MOVE IT ALONG
Saturday June 30, 2018
Second half, third period, fourth quarter, ninth inning, tie-break and playoff …
We understand these terms from basketball, hockey, football, baseball, tennis and golf – representing last chances …
Every game, every sport has its last lap as we stretch for the final buzzer, for the finish line …
But is it the end?
In most cases, no.
Just another game, another day, another stepping stone …
In the game of life – do life’s chapters work the same way – each one being a sequential stepping stone to what comes next, to the after, to the after that and ultimately to some kind of ‘hereafter’ or next outing?
I meet people across this spectrum, on one extreme those feeling there is no worthy/next chapter they’ll see or want to pursue. On the other extreme, many stuck in the starting gate, stuck in their current situation, afraid to move for fear they’ll make the wrong move …
Which is not to suggest that stuck people are not worthy or living dynamic lives – in fact, very often, we can’t see their ‘stucked-ness’ because they are shining so brightly at what they are doing, where they are and where they are convinced they are destined to say. But stuck they are.

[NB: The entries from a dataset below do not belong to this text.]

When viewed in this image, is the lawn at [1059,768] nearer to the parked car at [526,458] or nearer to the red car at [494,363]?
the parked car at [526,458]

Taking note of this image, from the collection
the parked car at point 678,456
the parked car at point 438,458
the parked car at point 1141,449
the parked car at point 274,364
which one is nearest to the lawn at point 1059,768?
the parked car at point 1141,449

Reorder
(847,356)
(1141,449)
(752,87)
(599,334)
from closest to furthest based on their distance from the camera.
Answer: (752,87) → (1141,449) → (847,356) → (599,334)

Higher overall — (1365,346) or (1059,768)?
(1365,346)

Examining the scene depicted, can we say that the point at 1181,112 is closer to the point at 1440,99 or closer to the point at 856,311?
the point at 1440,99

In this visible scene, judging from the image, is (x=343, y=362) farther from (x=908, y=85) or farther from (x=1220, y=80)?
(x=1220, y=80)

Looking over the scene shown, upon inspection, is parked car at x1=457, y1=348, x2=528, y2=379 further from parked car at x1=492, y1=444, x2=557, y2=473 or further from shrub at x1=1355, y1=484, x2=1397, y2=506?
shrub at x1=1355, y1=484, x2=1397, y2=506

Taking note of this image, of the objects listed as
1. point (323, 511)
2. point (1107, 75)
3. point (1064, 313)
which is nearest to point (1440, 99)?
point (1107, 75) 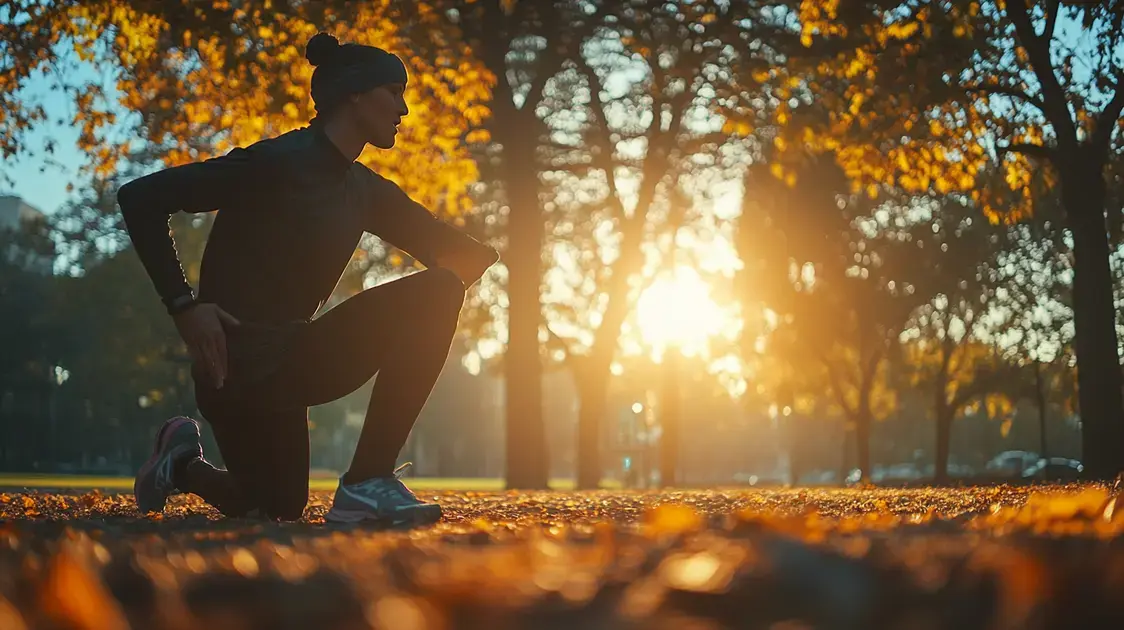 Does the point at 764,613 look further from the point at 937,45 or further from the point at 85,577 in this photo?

Coloured by circumstance – there is a reason for being stuck, sometimes painfully obvious to watch, yet their ears are often unwilling to hear about what we so-called observers so easily see.
Being stuck, for all of us, is something we need to do sometime. A tow-truck can haul us out of a ditch or muddy ruts, but getting unstuck from a deep dark corner of life is another matter. Or is it? Can we lift someone out, can we haul them away from their grief, pull them away from the pain or the fire or whatever is burning them up?
And if we can/could, should we.
Sure they need time, they need space – we all do.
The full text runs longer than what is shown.